Nevertheless, a takeover on the scale of the Co-operative Bank would represent a hugely ambitious move for an organisation which has undertaken few sizeable corporate deals.
One source said the Coventry, which has about two million members, appeared to be “extremely serious” about a deal.
The price under discussion between the Coventry and the Co-operative Bank and their respective advisers was unclear on Wednesday.
Banking analysts have previously touted a price of approximately £800m for the Co-operative Bank.
A spokesman for the mutual said: “At Coventry Building Society, we remain open to opportunities that may enhance the value and services we offer to our current and future members, but we don’t comment on any public speculation.”
Combining the organisations would give the Coventry a major boost in the personal current account and business banking markets.
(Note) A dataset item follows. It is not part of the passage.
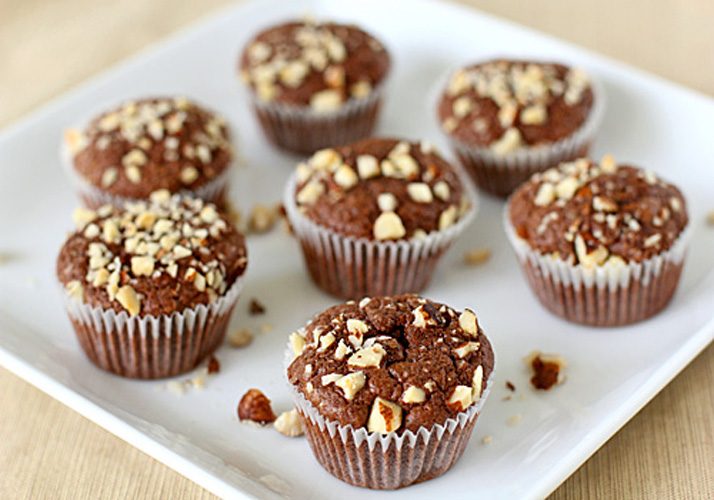 Seven chocolate muffins topped with chopped nuts are arranged on a white square plate, with a few nut pieces scattered around the muffins.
It was unclear on Wednesday what the fate of the respective brands would be after any deal.
The Co-operative Bank has also drawn interest from other suitors during an auction which kicked off earlier this year.
Shawbrook Bank tabled a predominantly paper-based offer, while Aldermore Bank withdrew from the process without submitting a formal proposal.
Regulators are being kept closely informed about the talks, with one bank analyst saying a takeover by the Coventry would vindicate the constructive approach taken by the Prudential Regulation Authority towards the Co-operative Bank as it encountered severe turbulence during the last decade.
If the Coventry was successful with a bid, it would effectively deliver the Co-operative Bank back into mutual ownership.
In 2013, the Co-operative Bank’s bid to acquire the branch network which became TSB was left in ruins when the scale of its own crisis emerged.
At the time, it was part of the wider Co-op Group, but was forced to turn to American hedge funds to secure a £1.5bn rescue, even as its former chairman, Paul Flowers, was left humiliated by tabloid revelations about his private life.
The lender then needed a further bailout by investors in 2017, with two major investors – Bain Capital Credit and JC Flowers – subsequently taking a 10% stake in the company.
The remainder of its equity is owned by a syndicate of hedge funds.
Earlier talks about a sale of the Co-operative Bank to Cerberus Capital Management, an often-controversial investor, broke down in December 2020.
In the autumn of 2021, the Co-operative Bank approached Spanish-owned TSB about a merger, but talks failed to progress.
PJT Partners and Fenchurch Advisory Partners are advising the Co-operative Bank on its sale process.
A spokesman for the Co-op Bank declined to comment.